Quantum physicists shed new light on relation between entanglement and nonlocality
(PhysOrg.com) -- New research from the University of Bristol may disprove a long-standing conjecture made by one of the founders of quantum information science: that quantum states featuring positive partial transpose, a particular symmetry under time-reversal, can never lead to nonlocality.
When it comes to space and time, modern physics defies our intuition in the most dramatic way. Einstein's relativity theory tells us that time and space are intimately related and that absolute time is an illusion. Quantum mechanics, however, is at rest, and its predictions are perhaps even more astonishing than those of relativity.

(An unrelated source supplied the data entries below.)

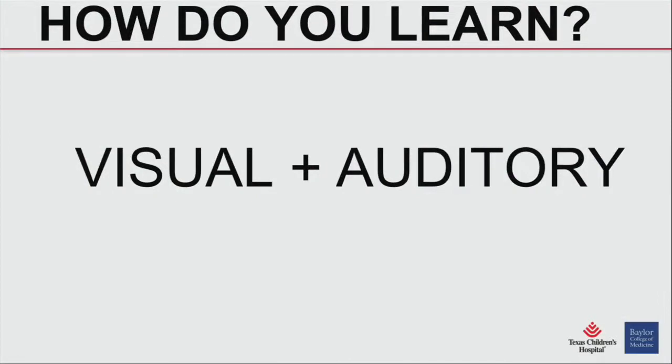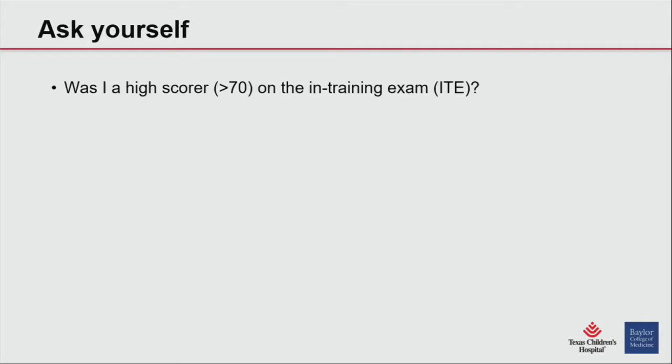A session about how to take a test could go on very briefly, and I prefer to think of it this way. All of you have been taking in-training exams. Those in-training exams, hopefully, have been discussed every year with your program director so you know which areas you do better at. I don't think there's real data in pediatric cardiology about what you need to make it through the boards, but if you're scoring 70s on the in-training exam, you're likely to do well.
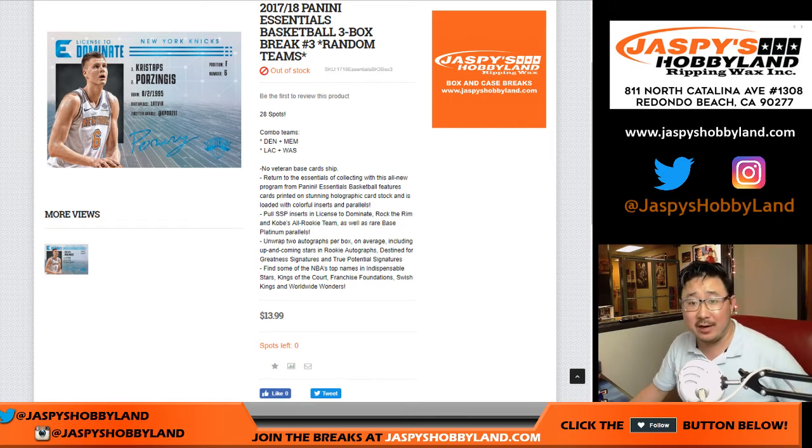Good evening everyone. Joe for jazbeeshobbyland.com with 17-18 Panini Essentials Basketball. It's a three box random team break number three from jazbeeshobbyland.com.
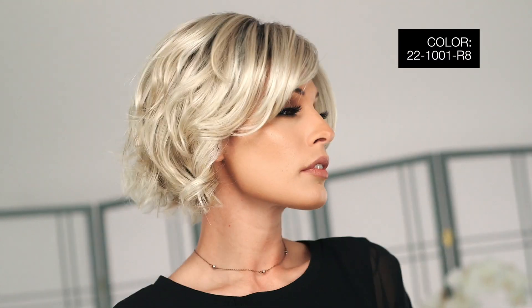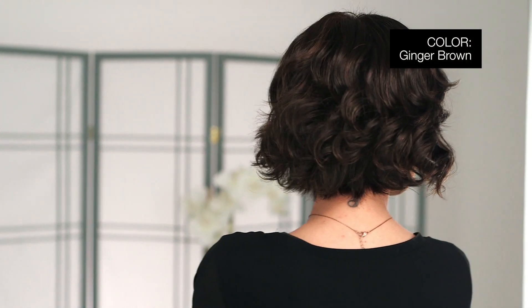I'm wearing mine in color 221001R8 — Rooted Chestnut Brown with Ash Blonde Base blended with Platinum Blonde. This is colored Ginger Brown: Medium Golden Brown with reddish highlights.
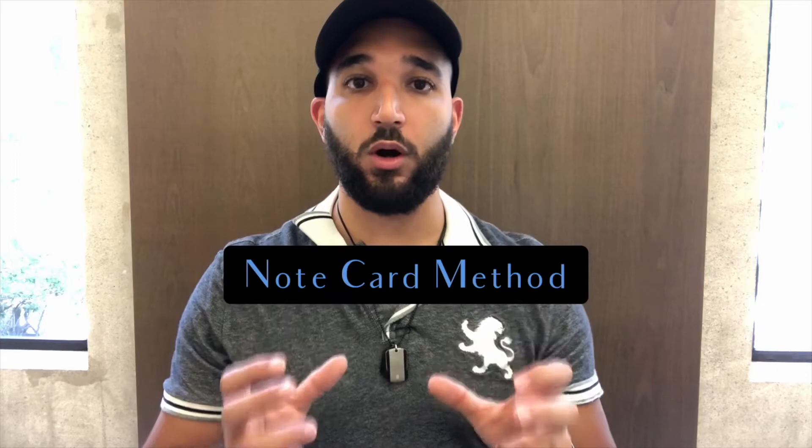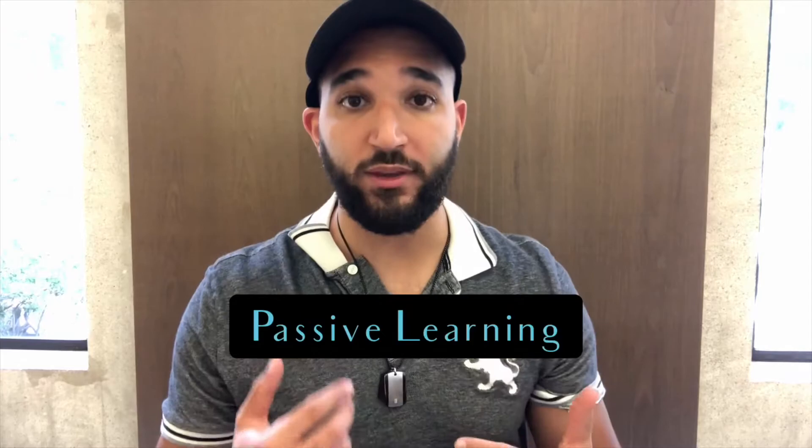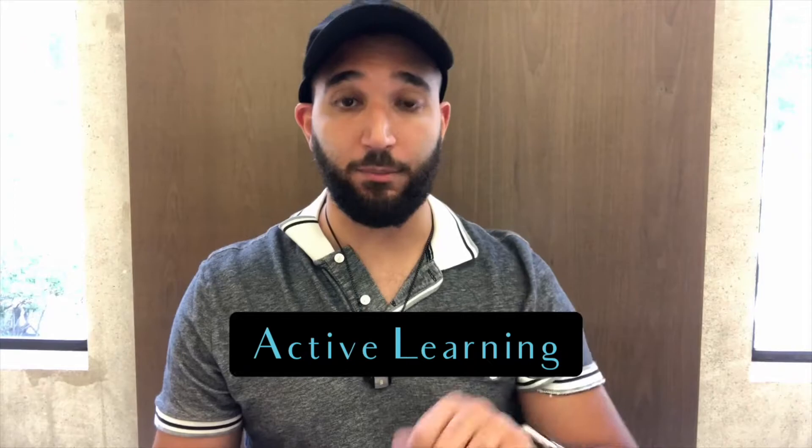The way I rewrite my notes is using the note card method. I go through each slide within my notes, rewrite everything on that slide, and then write everything the professor spoke about onto note cards. The note card method uses passive and active learning at the same time — as I rewrite my notes I'm reading the material back to myself, and then it becomes active learning as I'm flipping back and forth and speaking the content out loud.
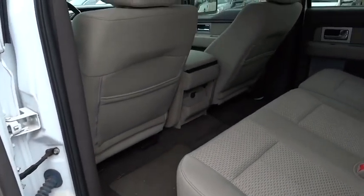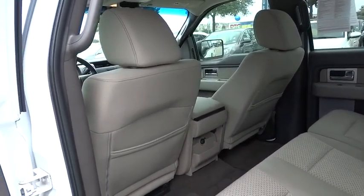Searching for a dependable vehicle that looks great, too? You found it, so stop in today.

In a nutshell, quantum theory tells us that two entangled particles behave as a single physical object, no matter how far apart they are. If a measurement is performed on one of these particles, the state of its distant twin is instantaneously modified.
This effect leads to quantum nonlocality, the fact that the correlation between results of local measurements performed on these particles are so strong, that they could not have been obtained from any pair of classical systems, such as two computers. To cut a long story short, it is as if quantum particles live outside space-time and experiments confirm this.
Understanding this phenomenon of quantum inseparability, arguably the most counter-intuitive feature of the theory, represents a major challenge of modern physics. A key point is that inseparability appears under various forms in quantum mechanics. Understanding precisely the relation between these various forms is a long-sought-after goal.
Writing in Physical Review Letters, Dr Tamas Vertesi from the Hungarian Academy of Sciences and Dr Nicolas Brunner from the University of Bristol make a significant step forward in this direction. They show that the weakest form of entanglement so-called undistillable entanglement can lead to quantum nonlocal correlations, the strongest form of inseparability in quantum mechanics. According to Professor Pawel Horodecki, a quantum theorist at the Gdansk University of Technology, entanglement is almost invisible in such systems, which makes it very surprising that they can exhibit nonlocality.
The work of Dr Vertesi and Dr Brunner also goes a long way towards disproving a long-standing conjecture made in 1999 by Professor Asher Peres, one of the founders of quantum information science.
Peres argued that quantum states featuring a particular symmetry under time-reversal known as partial transpose can never lead to nonlocality. All research in this area supported Peres conjecture until now. Vertesi and Brunners work proves, via a simple example, that the conjecture is false when three (or more) observers are present. It remains to be seen whether the conjecture could nevertheless hold true in the case of two observers.
Alongside its contribution to our understanding of the foundations of quantum theory, this work raises novel questions in quantum information science. In particular, it will spark a debate on the role that entanglement and nonlocality play in quantum information processing tasks, such as in quantum cryptography and computation.